▶ **Work order**
Beginning with the line that holds "Jacob Cohen Eksklusive" and finishing with the line that holds "KAPPA KLXR1110 HONDA", repeat the listing exactly, leaving every picture out.

▶ **Listed entries**
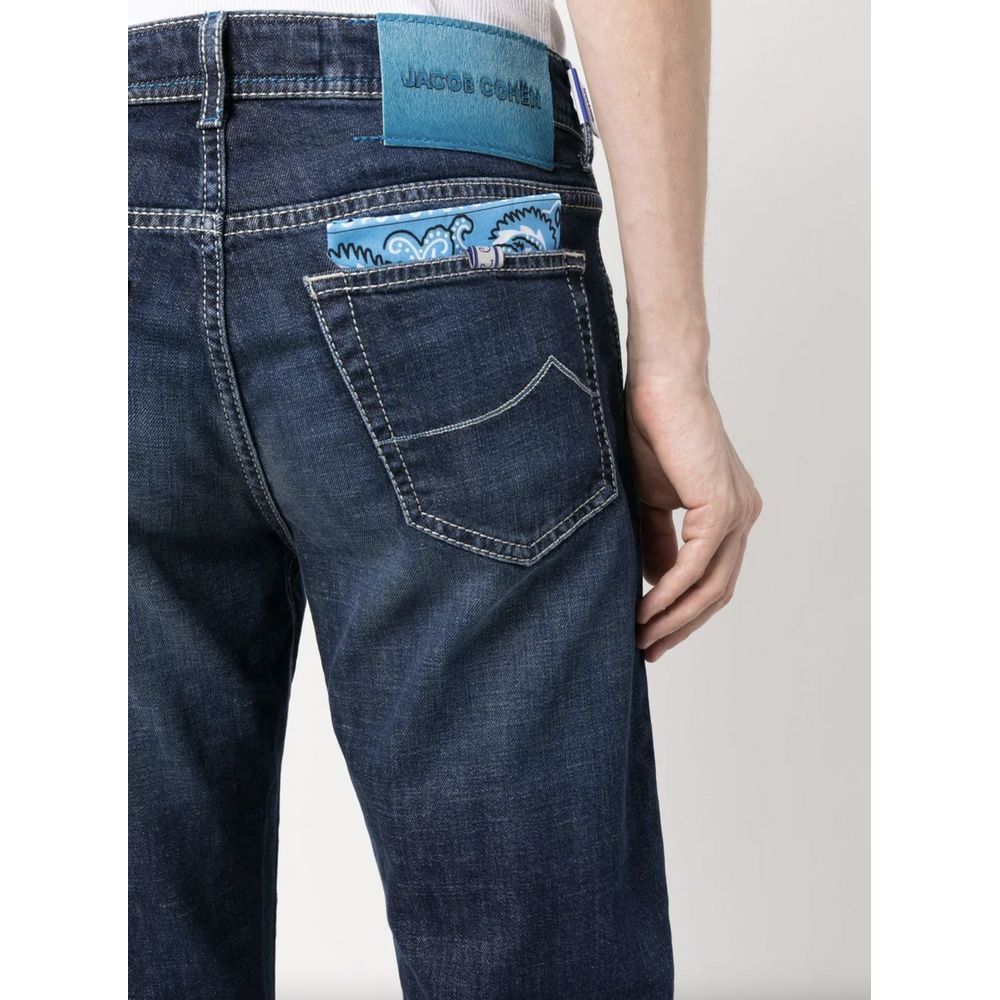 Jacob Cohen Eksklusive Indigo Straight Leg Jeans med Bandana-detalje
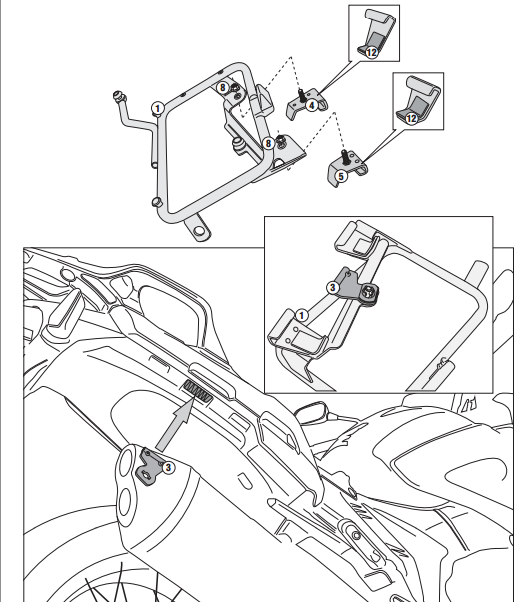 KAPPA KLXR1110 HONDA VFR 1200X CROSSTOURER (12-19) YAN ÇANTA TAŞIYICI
---
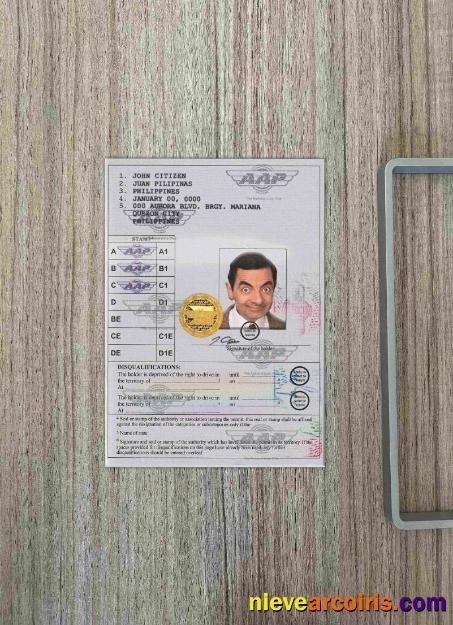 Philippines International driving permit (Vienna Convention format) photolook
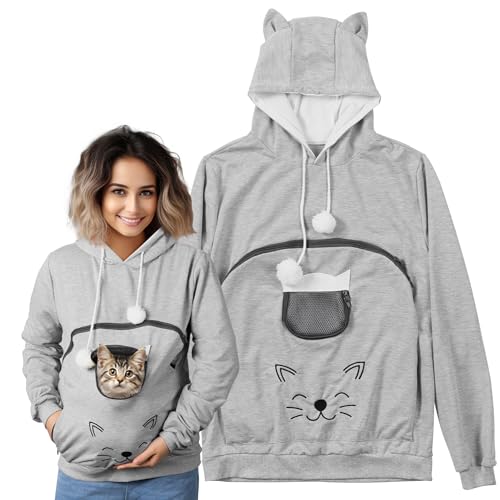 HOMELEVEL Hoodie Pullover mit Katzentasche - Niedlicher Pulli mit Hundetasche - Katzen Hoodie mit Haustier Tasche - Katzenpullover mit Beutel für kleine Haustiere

▶ **Worked solution**
 Jacob Cohen Eksklusive Indigo Straight Leg Jeans med Bandana-detalje
 KAPPA KLXR1110 HONDA VFR 1200X CROSSTOURER (12-19) YAN ÇANTA TAŞIYICI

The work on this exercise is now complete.